求生的欲望促使司南放开被萧景琰握住刃身的刀柄,转身抽出插在身侧的火箭,朝萧景琰脸上刺去,萧景琰纹丝不动——
“哐!”
一把小刀飞入司南执箭的手背,司南手一偏。
“大帅!!”
萧景琰感觉脸上皮肤一阵火辣,却并没有被铁器穿透的钝痛,耳边响起熟悉的喊声——是戚猛和列战英!
他们明明应该在后方的船舰里,为什么会过来?
萧景琰想努力看清朝自己奔来的二人,却发现眼部的皮肉被烧伤,黏着在一起。
司南一个挺身从甲板上跳下海里,连着执剑的萧景琰。
“大帅!!”
萧景琰在呼啸的风中听到了戚列二人的呼喊声,冰冷的海水漫过,一瞬后便是寂静。
快走!
萧景琰张嘴想发声,喉咙里灌进了咸涩的海水,他头脑开始酸疼昏晕……
朦胧中,一丝后悔生在他的脑海里,犹如一粒种子,发芽长叶,伸出枝蔓……
一只手拉住他的腕,轻柔地松了他执着于握剑的手……
蔺晨和两个大帅亲兵,驮着萧景琰朝附近的礁石游去。
上到礁岸,蔺晨对着萧景琰口鼻渡气,又持续推压他的胸腔,半天,萧景琰咳嗽起来,三人才长舒一口气。
蔺晨命其中一个兵回船上禀报大帅生还的消息,另一个则和自己一起,背着萧景琰,从巨礁的洞穴,进入琅琊阁的暗点。

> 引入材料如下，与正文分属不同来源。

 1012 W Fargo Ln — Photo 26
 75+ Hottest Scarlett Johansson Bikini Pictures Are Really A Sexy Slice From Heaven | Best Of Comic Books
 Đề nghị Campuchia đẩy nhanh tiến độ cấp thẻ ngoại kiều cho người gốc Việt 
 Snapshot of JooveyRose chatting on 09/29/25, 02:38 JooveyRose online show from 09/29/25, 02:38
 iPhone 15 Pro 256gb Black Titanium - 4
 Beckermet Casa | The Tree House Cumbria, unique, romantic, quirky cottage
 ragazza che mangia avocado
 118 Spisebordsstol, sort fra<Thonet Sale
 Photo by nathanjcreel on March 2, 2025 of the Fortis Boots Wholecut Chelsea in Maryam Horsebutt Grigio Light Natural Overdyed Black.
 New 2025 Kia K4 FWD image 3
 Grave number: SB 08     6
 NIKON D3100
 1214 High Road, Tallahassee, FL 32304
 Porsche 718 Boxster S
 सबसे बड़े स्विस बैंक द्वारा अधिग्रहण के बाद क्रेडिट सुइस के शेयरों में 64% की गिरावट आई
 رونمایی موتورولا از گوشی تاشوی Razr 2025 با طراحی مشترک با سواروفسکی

那兵没工夫感叹此地别有洞天,扯着蔺晨的袖子喊:“大夫!大夫!将军这脸!这脸!”
蔺晨一挥袖子:“喊什么喊!这么吵,怎么号脉!”
虽说端着面子不缓不慢托起萧景琰的手腕,蔺晨却看着萧景琰的脸,愁眉不展。
震荡在指腹的脉搏杂乱无章,而触在指腹的皮肤更是滚烫,更可怕的是萧景琰那张脸,眼部的皮肉间仿佛埋着植物的茎叶,不,就是植物的茎叶。
蔺晨眸色一深。
“夕阳冬海大火,三者齐则红花开……”
“等会,就会有烧焦的尸体飘过来,尸体上长出了根茎的,便是血花草了。”
蔺晨想起飞鸽传信和张小元嘱咐的话,几分懊悔。当时他救人心切,没有等张小元说完就走了,谁想到,这血花草竟然长在了萧景琰身上。
“啧啧啧,不听老人言,吃亏在眼前……”慢慢悠悠一声叹,张小元从石阶上踱步下来,“小少爷,吃一堑长一智!”
蔺晨张嘴想骂回去,却因有事相求,只得忍气吞声,换了一副做小伏低的作态:“元叔,请您指教晚辈,这病该怎么治?”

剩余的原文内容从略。